Hey foxes!
I need to scrape the source code . i tried with this -> view-source:https://www.mysite.com.. but can not scrape the page.. webscraper doesnt let me save the URL.
Any help?
THX a looot
Hey foxes!
I need to scrape the source code . i tried with this -> view-source:https://www.mysite.com.. but can not scrape the page.. webscraper doesnt let me save the URL.
Any help?
THX a looot
The scraper has access to the current "view-source" regardless, so do not need to add this part in the metadata. The only thing is that you will not be able to use the point-and-click interface for it and will have to build the scraper by creating the selectors manually and typing them out.
Ah ok thanks! i tried few times but i dont see how to scrape it with webscraper and extract the "logging_page_id":"profilePage_6887304"
in this page : view-source:https://www.instagram.com/tf1/
. could you help me a bit
Thanks a loooot
This is an interesting one, I know what you're trying to extract - the Instagram User ID. You can get that info by using this link:
https://www.instagram.com/web/search/topsearch/?query=[exact username]

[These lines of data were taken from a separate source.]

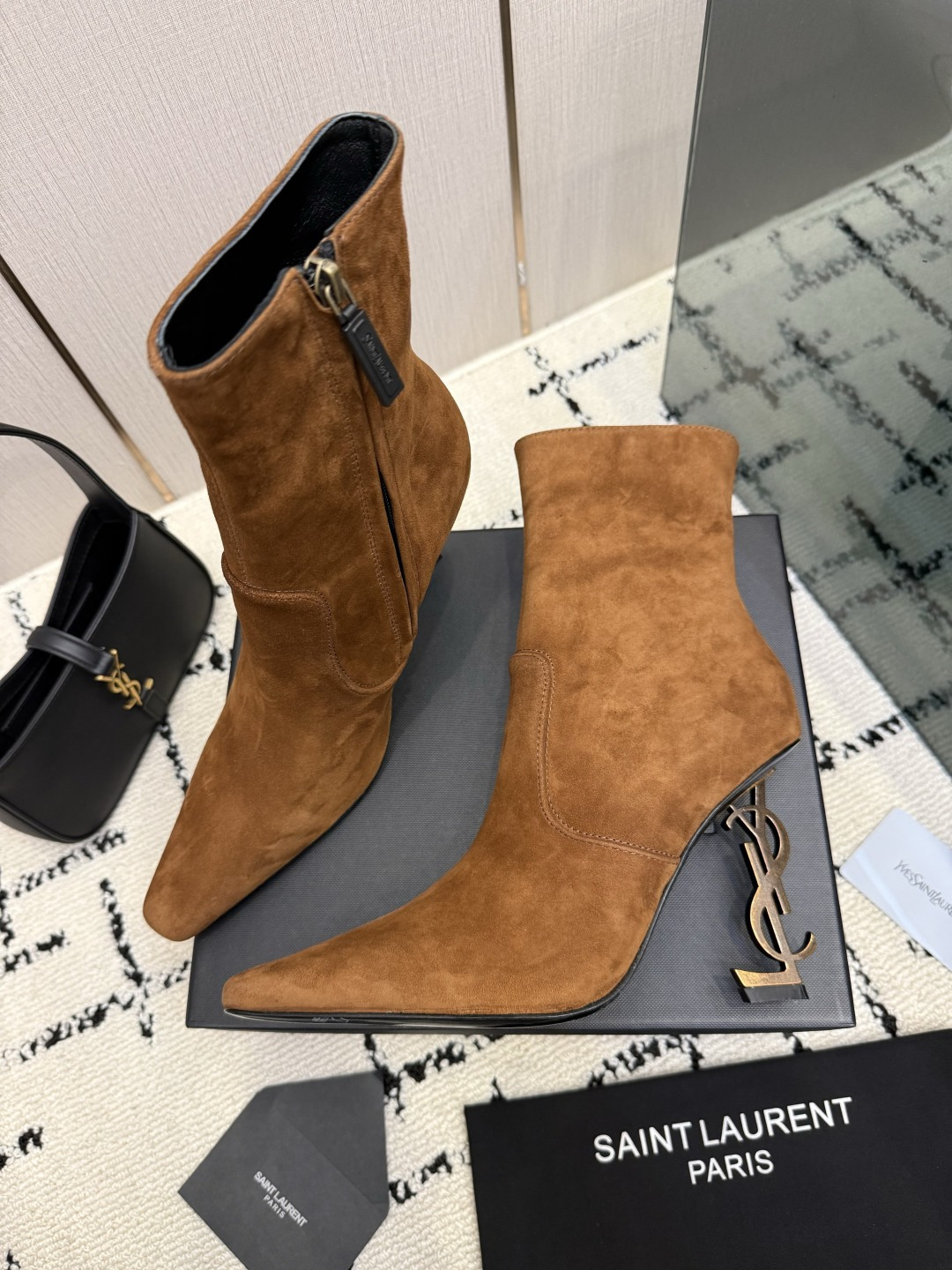 Designer Women Shoes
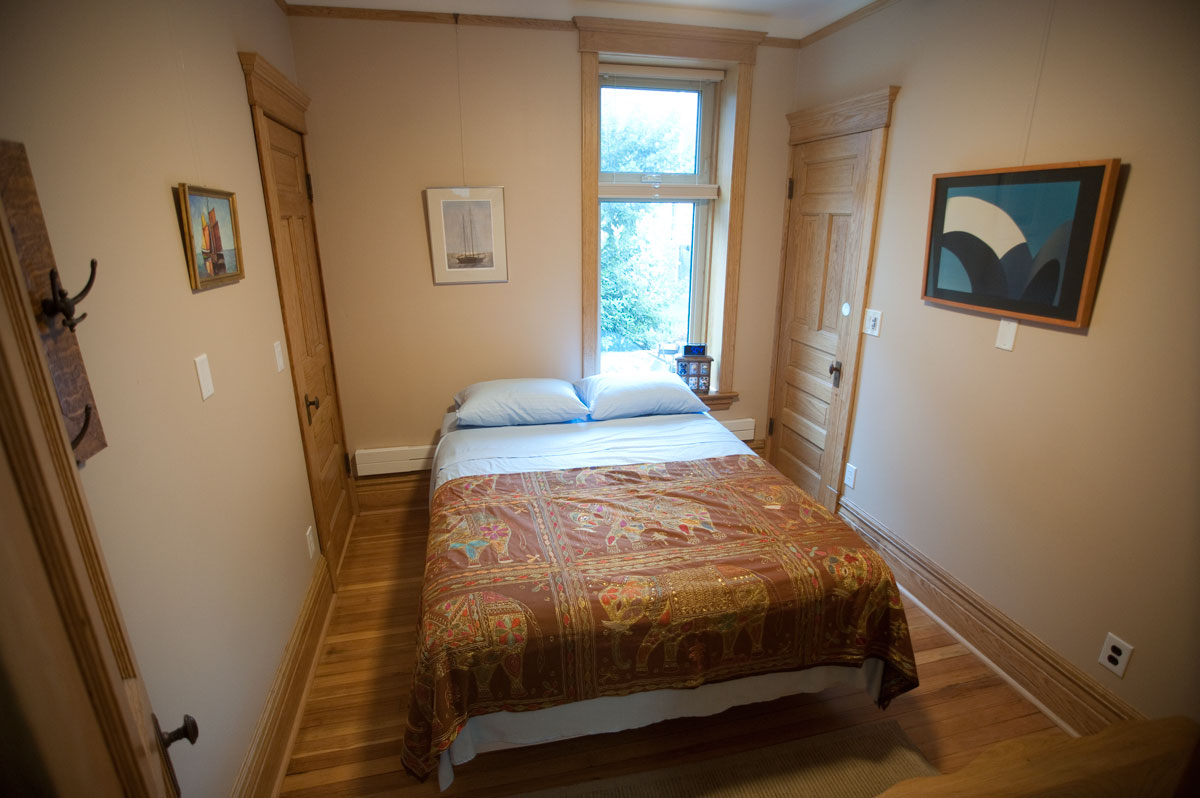 Next to Riot Fest: Private bed room + small bath in North Lawndale, Chicago
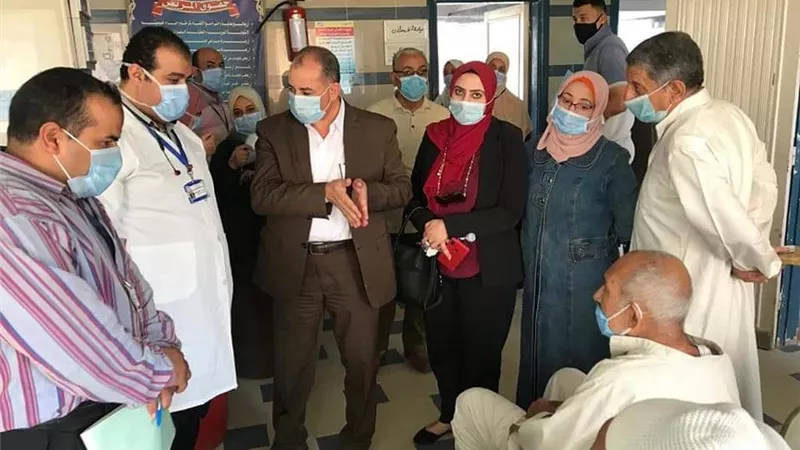 مدير التأمين الصحى يتفقد عيادتى فاقوس والحسينية ويأمر بعدم تحويل المرضى لاماكن أخرى
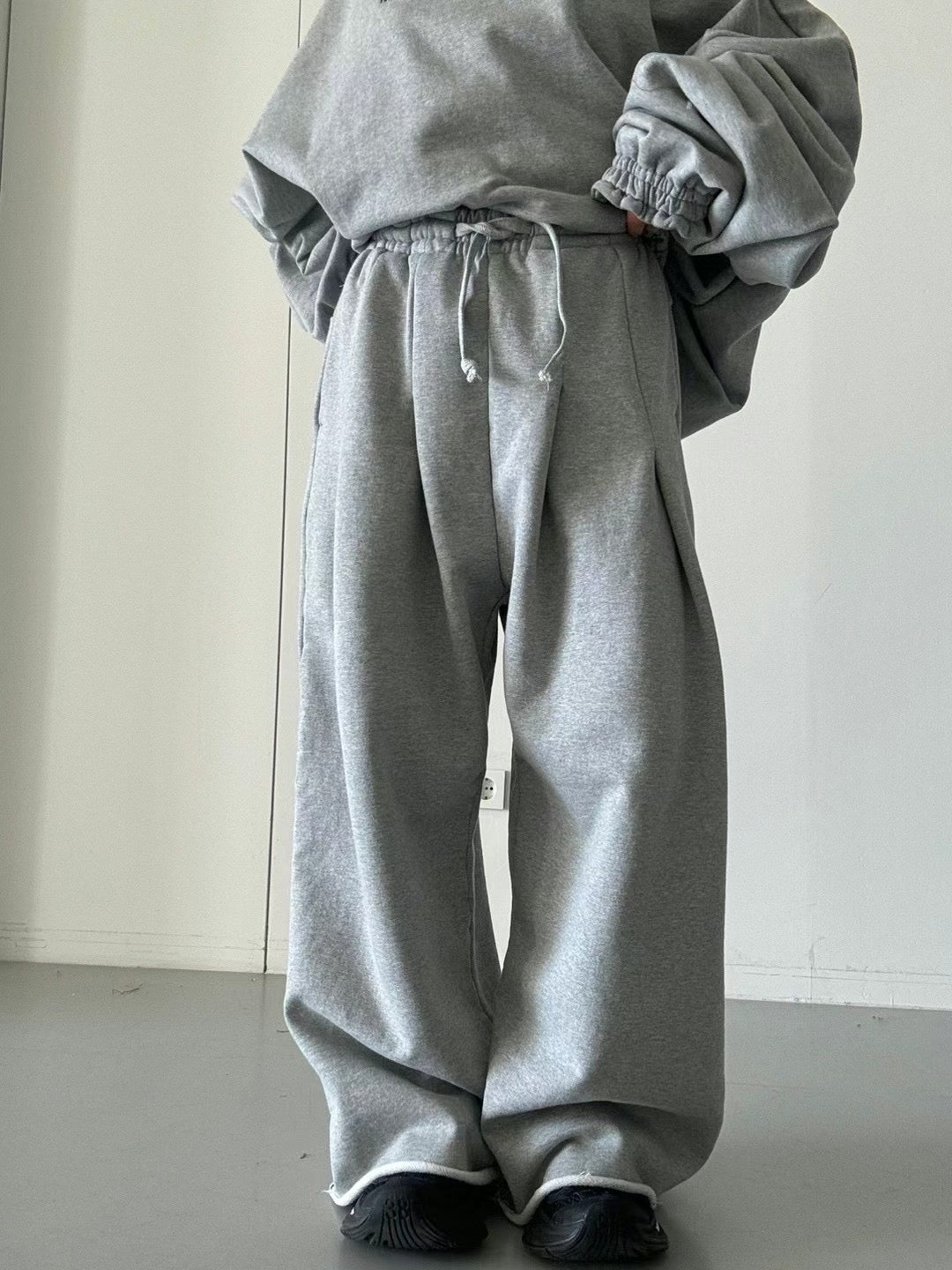 WAIST PLEATED COTTON JERSEY PANTS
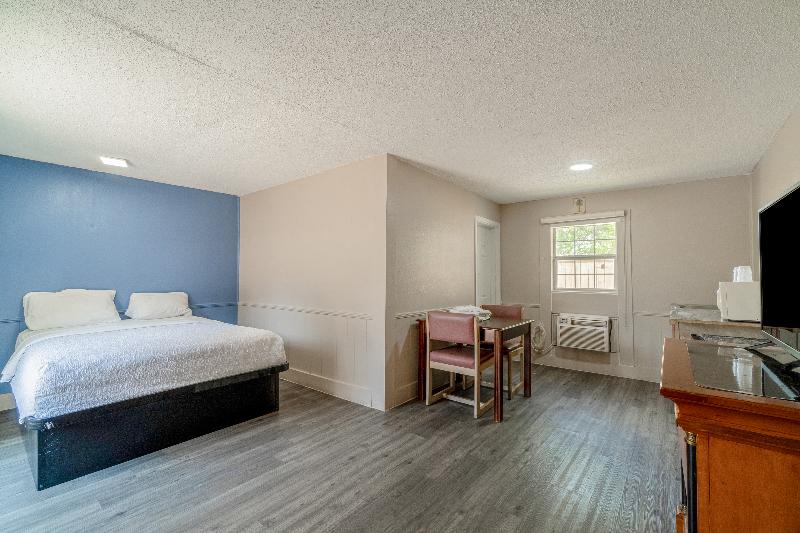 Cypress Inn Motel By OYO West Monroe I-20 image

So for your example it would be:
https://www.instagram.com/web/search/topsearch/?query=tf1
The results page is a plain text file, so there is only one selector, pre. Grab the text from that, and you can then pick out the user ID with a regex. This is assuming the first line contains the correct user ID. The regex I'm using is \b\d{6,10}\b , which picks out the first 6-10 digit number it finds. That's why you'll need the exact username. Sample sitemap:
{"_id":"instagram_get_user_id","startUrl":["https://www.instagram.com/web/search/topsearch/?query=tf1"],"selectors":[{"id":"user_id","type":"SelectorText","parentSelectors":["_root"],"selector":"pre","multiple":false,"regex":"\\b\\d{6,10}\\b","delay":0}]}
you're the best!! Thanks a lot!